Each of the twenty-five professors is tasked with a personal project. “My project,” says Dr. Stokes, “deals with physics. The title is “Evolutionary Explanations of the Applicability of Mathematics in Contemporary Physics.” He also gave us a short title in the form of a simple question (thank goodness): “Should primates be good at physics?” Here is the setting of his project, as science continues to explore the quarks and leptons of the subatomic world, the math becomes progressively complex. The evolutionary picture does not adequately explain humankind’s mathematic capabilities—or “superpowers” as Dr. Stokes calls them—to handle such complex math. “The way we use math is amazing. It certainly isn’t intuitive—there is creativity, experimentation, artistry, instinct.
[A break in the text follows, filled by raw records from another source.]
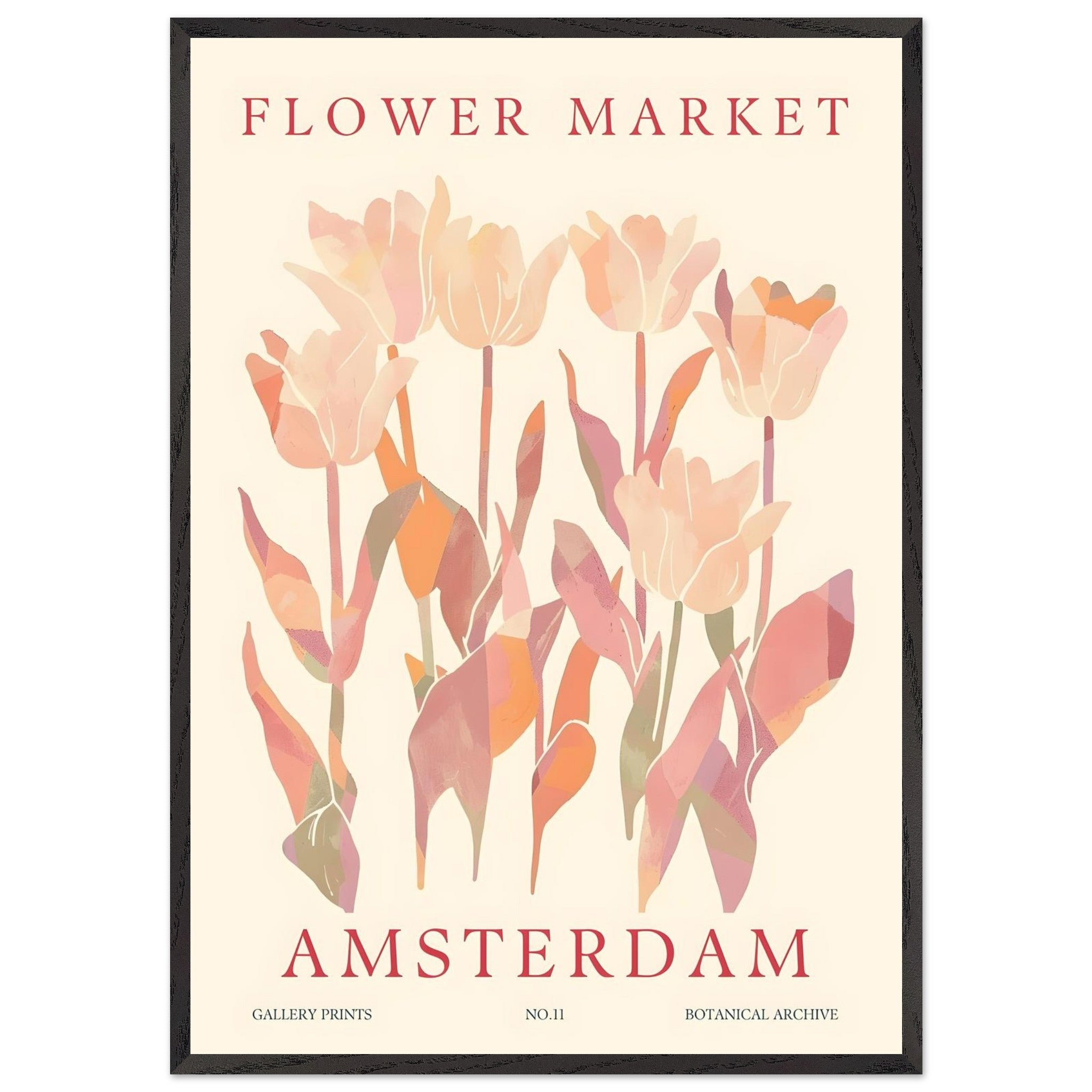 Artfulprints Poster met Lijst Flower market - Amsterdam I  - 70x100 cm - Roze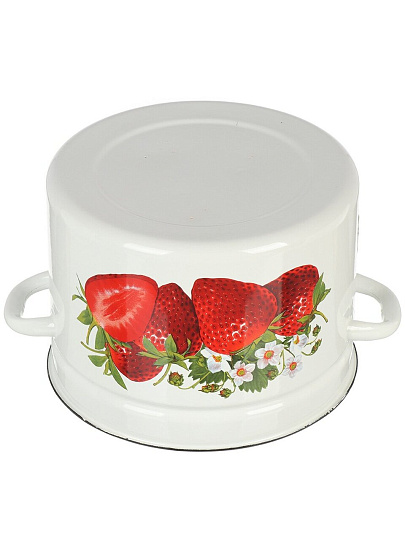 Кастрюля эмалированная сталь, 9 л, крышка сталь, цилиндрическая, Керченский металлургический завод, Клубника садовая, 41804-212/6-У2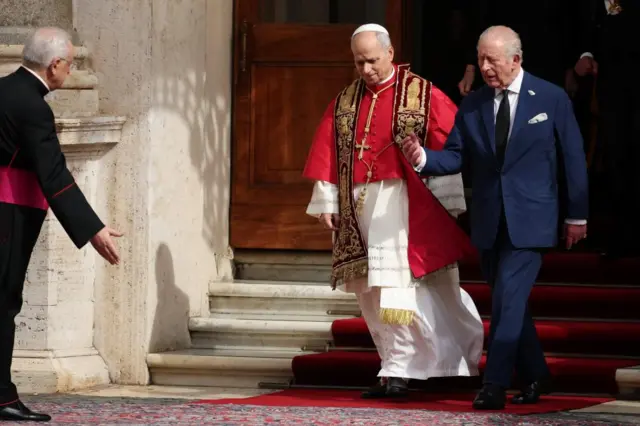 King and Pope exit Sistene Chapel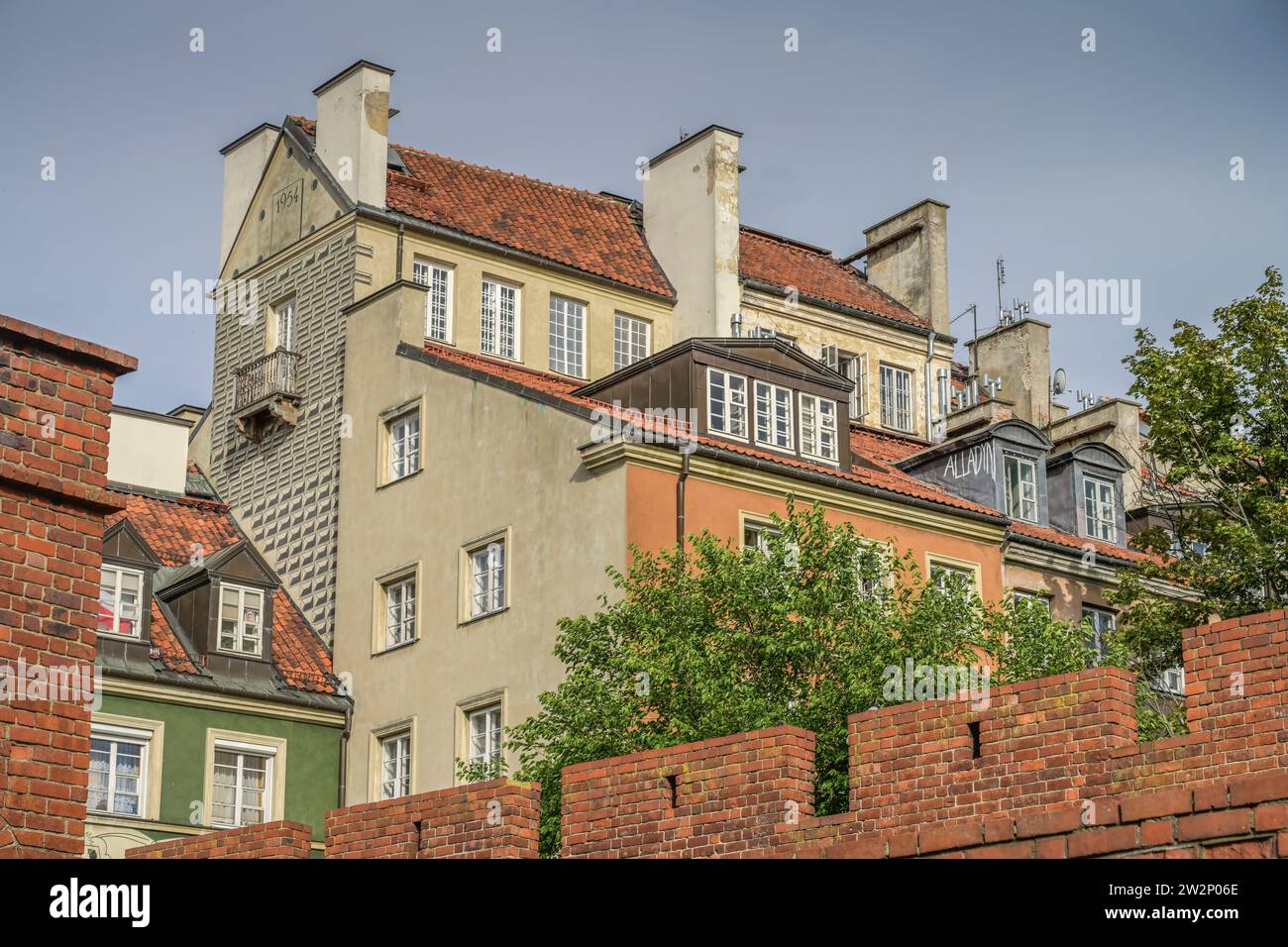 Altbauten, Häuser an der Stadtmauer, Miedzymurze Jana Zachwatowicz, Altstadt Stare Miasto, Warschau, Woiwodschaft Masowien, Polen Stockfoto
We basically use mathematics as a seeing-eye dog to explore the subatomic, quantum world. And it works.” It seems impossible to claim, as materialists do, that nature has awarded us these superpowers in its blind drive to survive. It is in this direction that Dr. Stokes’s project is moving. His, along with the twenty-five other faculty projects, will eventually be cashed out in published forms, whether in articles or a book.
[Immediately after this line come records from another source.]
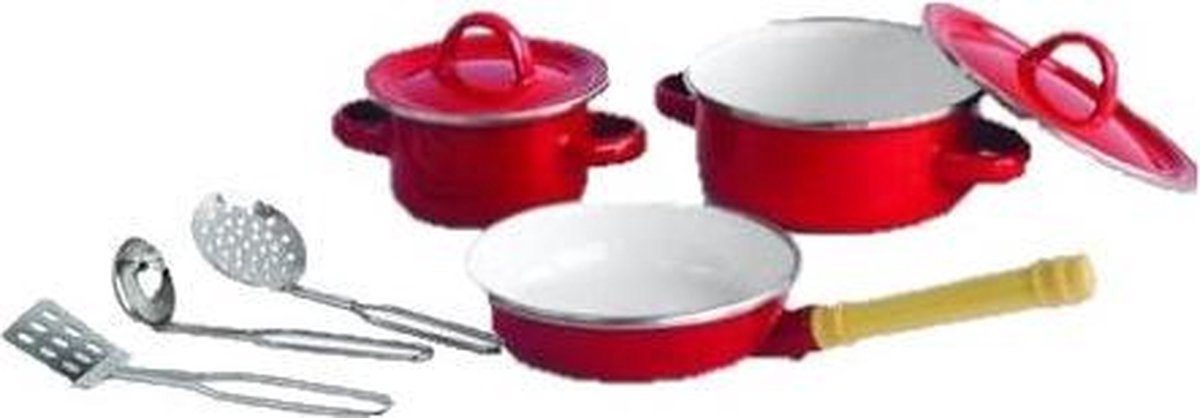 Simply for Kids - Pannenset - Emaille - Rood - 8dlg.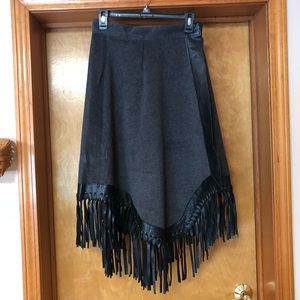 ASOS NWT gray black wrap fringe skirt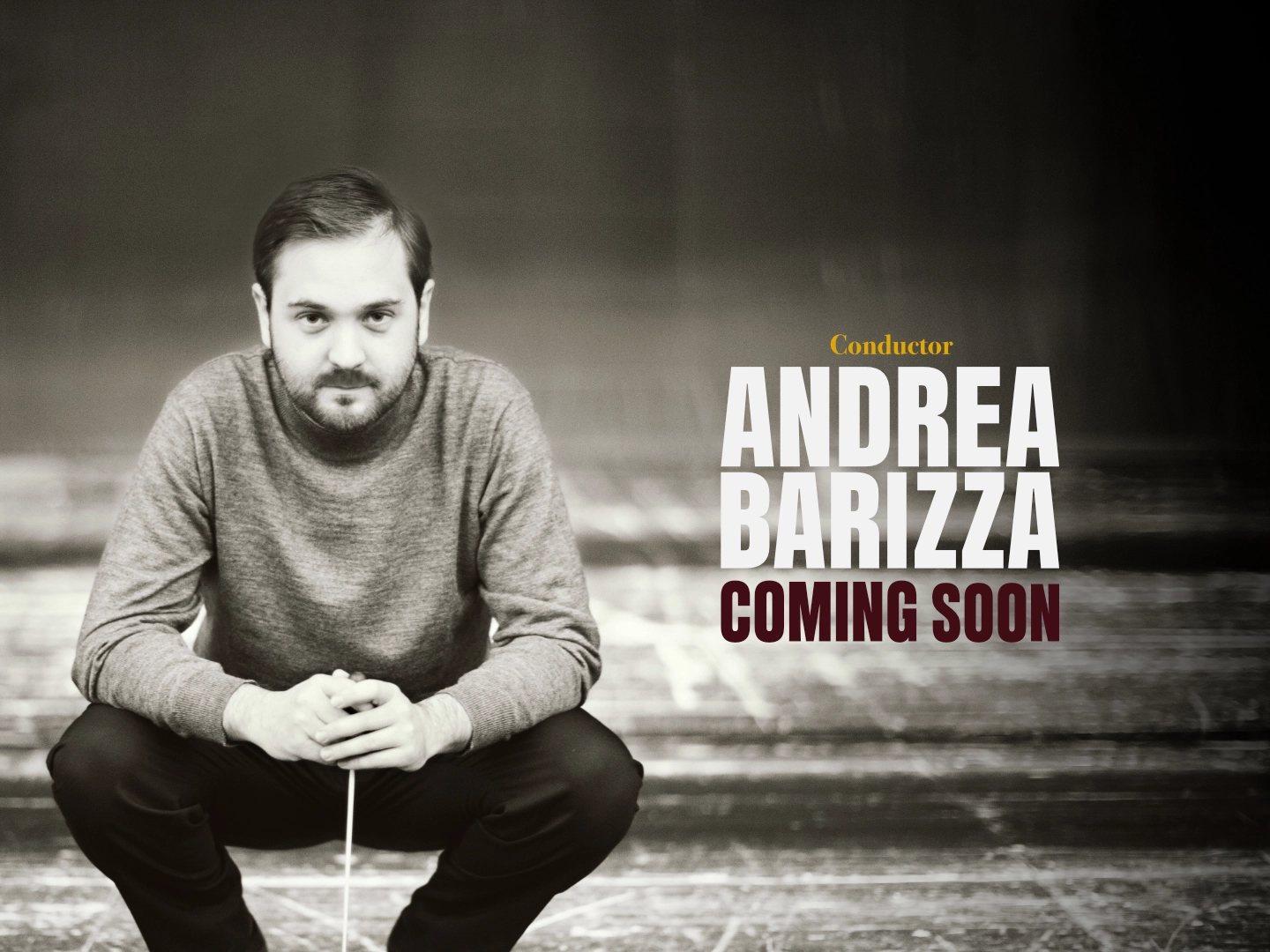 Fotografia di Andrea Barizza con a destra nome, cognome e la scritta Coming Soon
This initiative is filling the gaps between disciplines in the academy. Too often, scholars are siloed off in their own disciplines; academics in different fields end up with polar vocabularies and are unable to have meaningful conversations that would aid further discovery and academic progress. This can be especially true of science and religion. That is why this Oxford program prioritizes an interdisciplinary approach, as they explain the program: “social and natural scientists will join those in the humanities to explore established and emerging Science and Religion issues, guided by eminent scholars in the field, in a respectful and research-rich learning environment.” New Saint Andrews is grateful that Dr. Mitch Stokes will be participating in such an important and high-caliber project. The students are also benefitting from Dr. Stokes's involvement—the Oxford project requires participating schools to create Science and Religion clubs. The club at New Saint Andrews has been running for a year now, and the students themselves are learning what it means to lead in an interdisciplinary way.
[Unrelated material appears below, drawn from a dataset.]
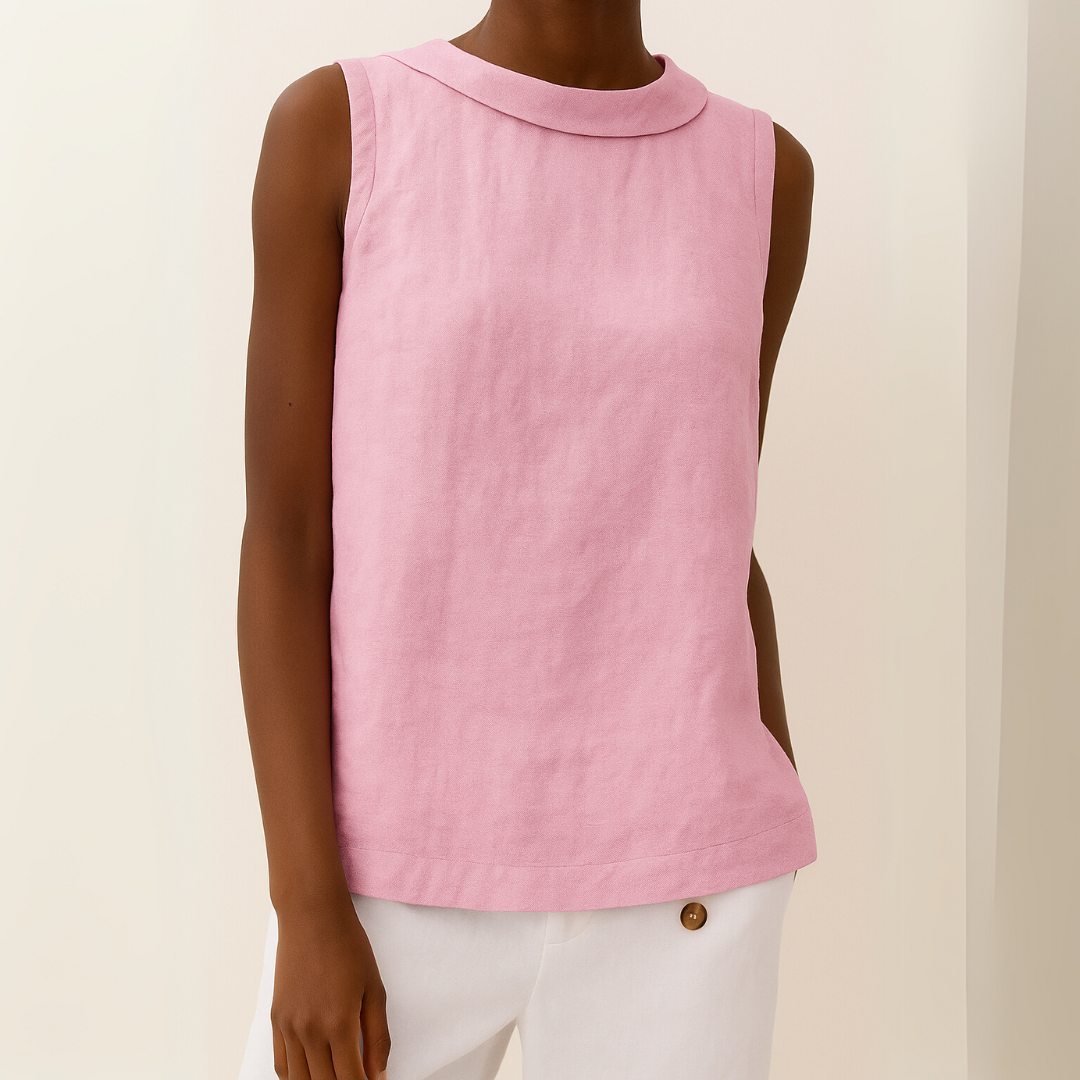 Josephine | Sleeveless Roll Collar Top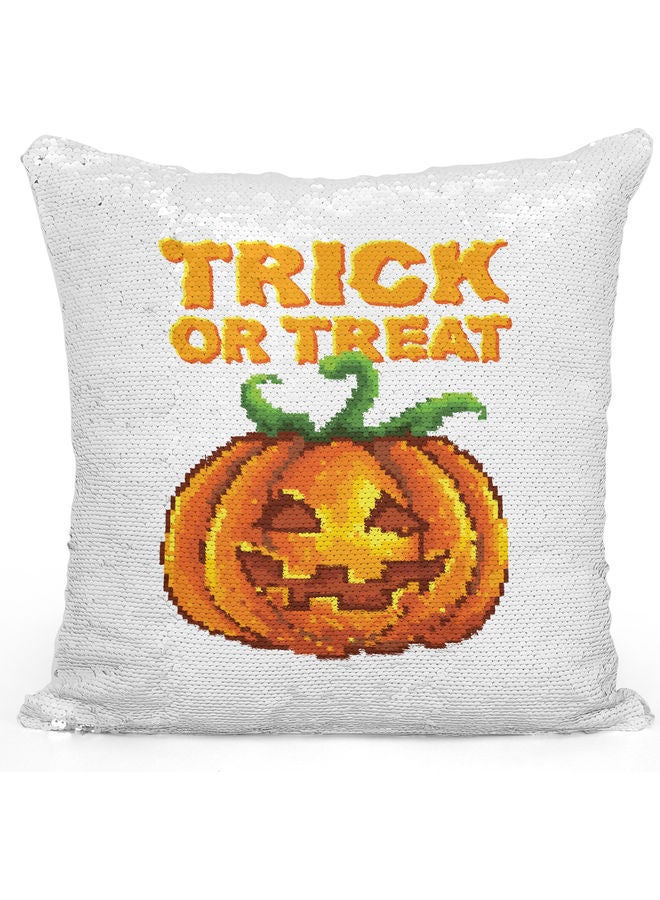 Halloween Themed Sequin Decorative Throw Pillow White/Orange/Silver 40x40cm - Image 1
Dr. Stokes was joined at separate times by both Dean Tim Edwards and President Ben Merkle—Oxford graduates themselves. President Merkle and a number of other college presidents met for a summit meeting in the old brick buildings of the Oxford campus. This roundtable for presidents was to “foster further engagement with a wide range of institutional leaders.” The Oxford project is yet another point of cultural engagement New Saint Andrews is tackling in its mission to shape culture under the Lordship of Christ. It is also drawing thicker connections that already exist between New Saint Andrews and Oxford. Dr. Stokes is engaging ideas at the highest levels; his leadership and his academic expertise are a model and a spur to the students of the college.